I have Instagram, but that's it for social media. I only use it for posting band shit.

I have a password manager and I use passkeys when available or 2fa.

I have a VPN, but I use it mostly for torrents. I check my dark web results and keep my passwords up to date with the password manager. That's probably the most proactive thing I do in regards to privacy.

My password manager has a feature that allows me to see if I have any vulnerable passwords due to things like data breaches and it makes resetting passwords easy. It's kinda like the Google dark web results, but interactive.

Some of you have mentioned the dark web. What type of shit you funny pervs look for?

andyman wrote: Thu Jul 31, 2025 6:25 am

Vibracobra wrote: Thu Jul 31, 2025 3:34 am Some of you have mentioned the dark web. What type of shit you funny pervs look for?

I imagine* cakes was probably referring to the fact that when companies have their servers hacked the user info can end up for sale on the dark web.

*I don't speak for cakes

That would be my inclination as well...

At last guess, I've been victim of at least six major data breaches (that I know of). I imagine many of you are in similar situations.
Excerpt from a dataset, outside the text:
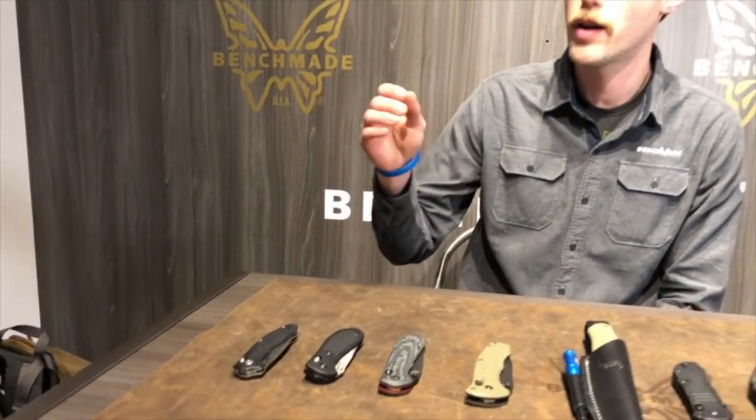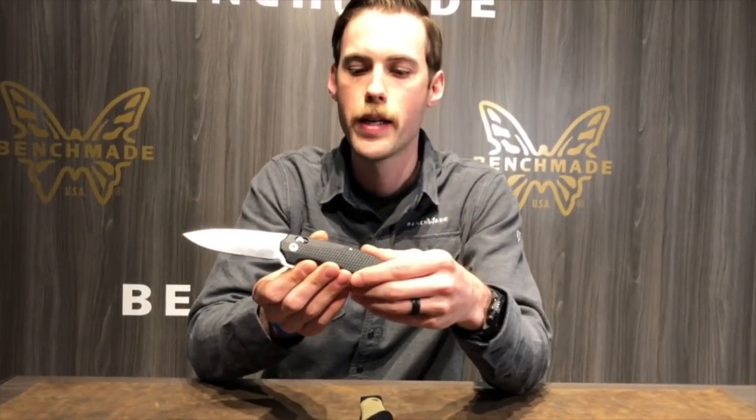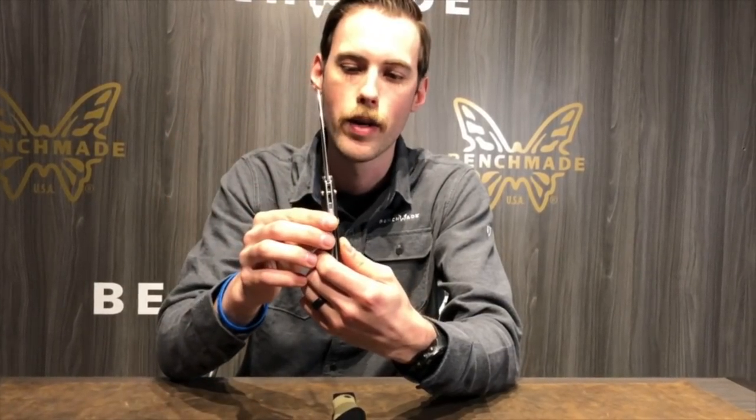First off, we have a 2018 release — this is our 495 Vector. This guy's an assisted flipper with a pretty unique blade for us. Really straightforward, great EDC knife. This could definitely bridge into an off-duty carry in the military or law enforcement community. Traditional to our assisted and auto mechanisms, we have a secondary safety on the spine to keep it where you want it — whether it's in the pocket, bag, or a pouch. So there's a safety lock mechanism there, S30V blade, great action, awesome knife, very comfortable in hand. Went full liners on this guy, so it's super rigid with great lockup strength.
Experian and similar companies offer a service where they scour the dark web for your information (such as e-mail addresses, phone numbers, social security number, etc.) and then scrub it.

Usually, the company who lost your data offers you free identity protection service such as what I mentioned above for a year, but at this point I just subscribe to a service on my own because even after your data gets scrubbed, it always seems to show up again on the dark web sometime later.

The dark web is a reference to the parts of the Internet that are essentially black markets. There's more to it, but just know for this purpose it's where personal information is bought and traded.

The dark web results you get from Google, for example, shows you what private info of yours has been breached from what company/website. Sometimes it's benign, like your first name. Sometimes it's a password to or worse, you're ssn. It's an alert system to tell you what to look out for and react to high level beaches.

Watchtower in 1password does this, too.

Very useful shit.

FWIW, I have worked for many financial institutions and we have to go through basic privacy training for customers. A lot of it is just common sense. I am a software engineer, so I have a general understanding of how internet security works that most software engineers understand. My last job before my current one was in crytpo, and I learned a lot about cryptography. Our secondary business was with ransomware negotiation and resolution. I am by no means a security or crypto expert, but I have some direct experience with it and have seen behind the veil.

So, I would be happy to answer questions about privacy and internet security, the best I can, or at least point you somewhere for better answers.

I will say, the best way to sign into any account is with a passkey. If you don't have a passkey, then 2fa is better than nothing. Passkeys are amazing and they work in a similar way that cryptocurrency works. They are hard to hack, unlike 2fa, which has more than just technical possibilities to crack. It can include social engineering.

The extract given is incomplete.